Ce mois de septembre a été également marqué par une mobilisation sans précédent contre la réforme des retraites, nous ignorions alors ce que nous réservait l’hiver à venir…

Si l’on m’avait dit en juin dernier que nous allions passer quelques mois à marcher dans le froid, pour manifester sans faiblir notre opposition au projet de réforme des retraites, je ne l’aurais pas cru. Et pourtant, l’UJA a fait preuve d’une détermination sans faille contre ce projet inacceptable.

Non seulement nous nous sommes mobilisés, mais nous avons analysé, expliqué aux confrères les enjeux et les dangers de ce projet. Je tiens à ce titre à rendre hommage aux excellents travaux de la Commission protection sociale, emmenée par Leila, ainsi qu’à l’engagement et la fermeté de Catheline qui a porté la voix des jeunes avocats lors des échanges avec le gouvernement.

A ceux qui pensent que la solution était de courber l’échine pour aller négocier la mort économique de nombreux cabinets, je veux dire que je ne regrette rien : pour négocier il faut être deux et mettre des propositions sur la table.

Trouver différentes manières de nous imposer une réforme pensée par des équipes qui ignoraient tout de nos spécificités et n’ont jamais daigné s’en préoccuper ne relève en aucune manière d’une discussion dont le but est d’aboutir à un compromis.

Grâce au travail de nos élus, tant au CO qu’au CNB ou à la CNBF, grâce à notre mobilisation continue et variée, les jeunes avocats ont été les fers de lance de cette opposition.

Cependant, il ne faut pas remiser trop loin nos drapeaux et pancartes, car le sujet reviendra certainement bientôt sur la table. Il faudra alors savoir retourner au combat.

Cette bataille contre le projet de réforme des retraites, qui nous a permis de prendre la mesure du mépris de nos gouvernants, au premier rang desquels notre Garde des sceaux en la personne de Madame BELLOUBET, a aussi été l’occasion de réinsuffler un peu de démocratie directe au sein de nos institutions. Il faut ainsi souligner le moment historique qu’a été l’assemblée générale de notre Barreau au cours de laquelle nous avons pu faire entendre notre voix.

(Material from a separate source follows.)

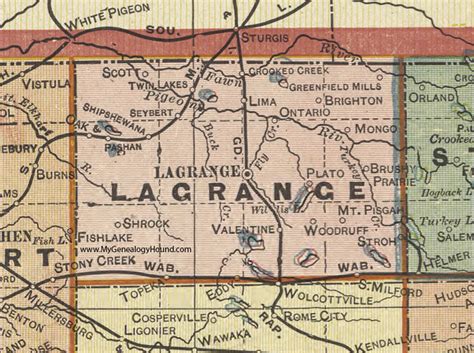 LaGrange County, Indiana, 1908 Map, Topeka, Shipshewana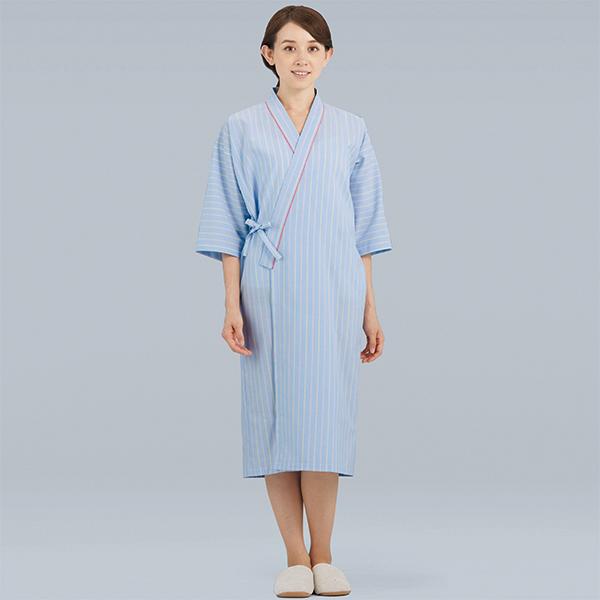検診衣 28998 ガウンタイプ 院内着 患者着 男女兼用 七分袖 メディカルウェア 医療 看護 病院 KAZEN MEDICAL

Fort heureusement, la saison a également été ponctuée de moments joyeux tels que le Dîner des jeunes avocats, merveilleusement organisé par Sarajoan.

Malheureusement, à cet hiver social a succédé la crise sanitaire, nous n’étions décidemment pas au bout de nos surprises.

Les contraintes liées au COVID nous ont obligés à nous adapter : nous avons très vite opté pour la dématérialisation de nos réunions, attentifs à toutes les dérives possibles dans le cadre de l’état d’urgence sanitaire. Il est de notre rôle de rester vigilants en la matière. Le glissement dans le droit positif, depuis de trop nombreuses années, dans l’indifférence générale, des règles adoptées sous couvert d’état d’urgence, quelle qu’en soit la cause, est inacceptable et nous continuerons de dénoncer toute règlementation exceptionnelle qui serait excessive ou serait prolongée alors que les circonstances qui l’ont motivée n’ont plus court.

Nous avons également dématérialisé les formations.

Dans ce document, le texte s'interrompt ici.